# [Given material]
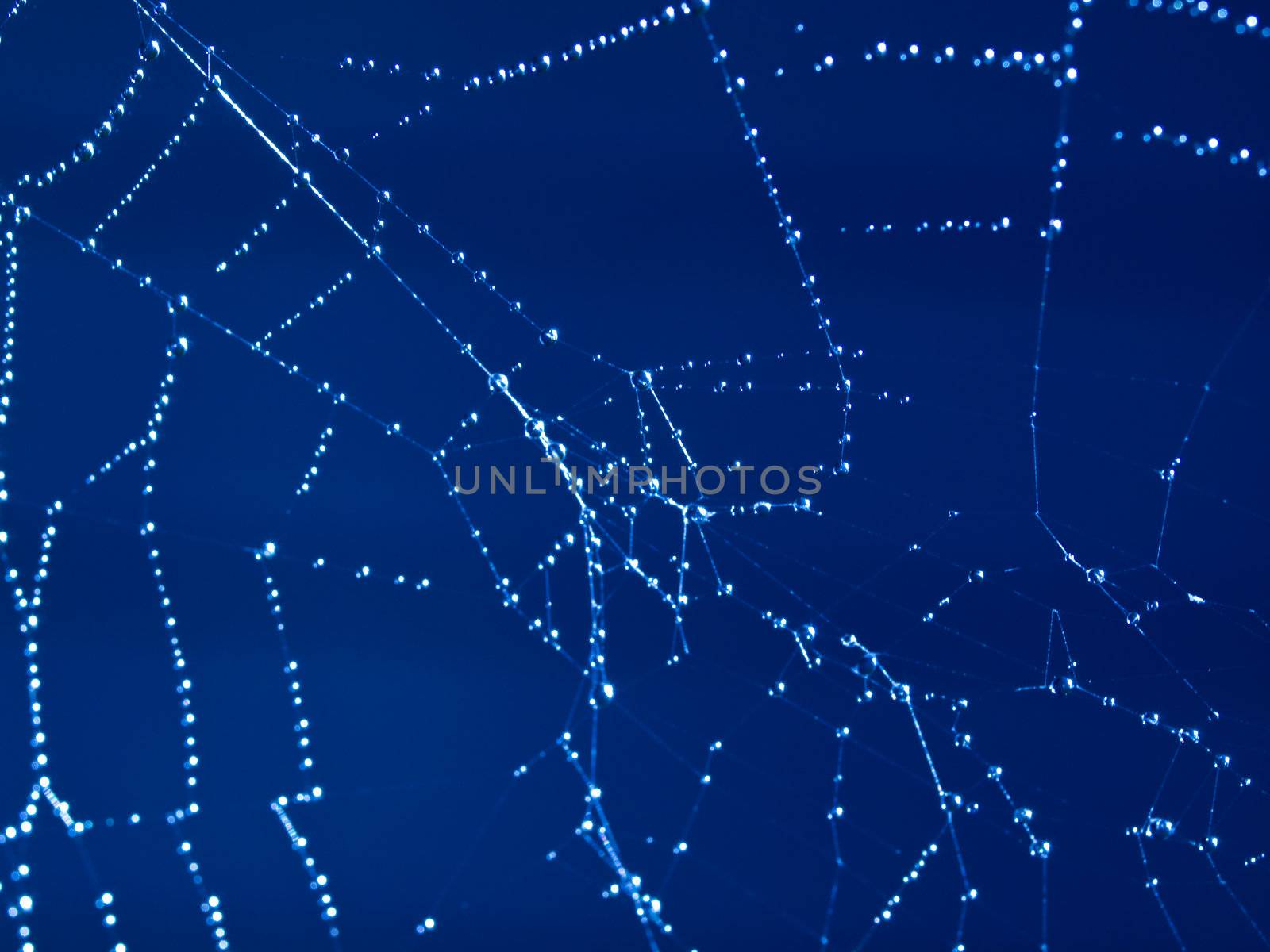 Spider Web Covered with Sparkling Dew Drops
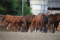 f:id:bravi:20150721182117j:image:small
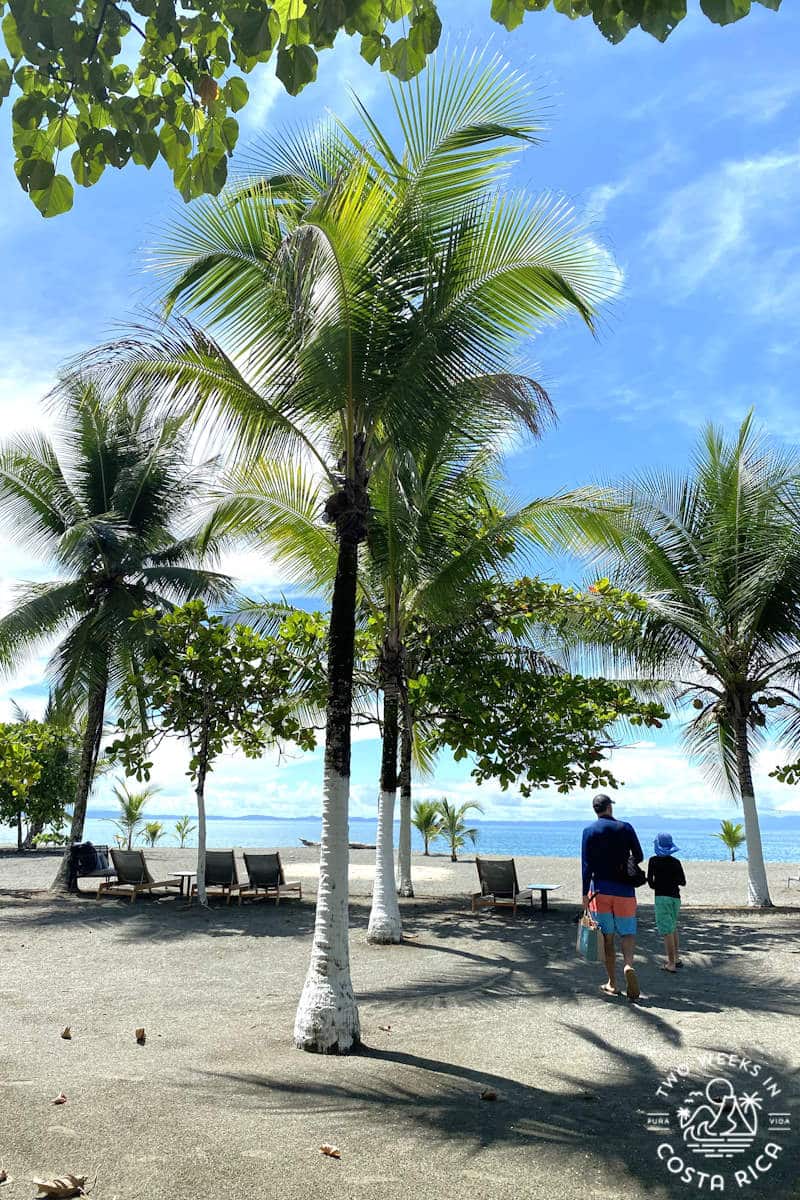 two people on the beach near tall palm trees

# [Instructions to follow]
Where pictures sit among the data above, omit them, and output the rest exactly.

# [Answer section]
 Spider Web Covered with Sparkling Dew Drops
 f:id:bravi:20150721182117j:image:small
 two people on the beach near tall palm trees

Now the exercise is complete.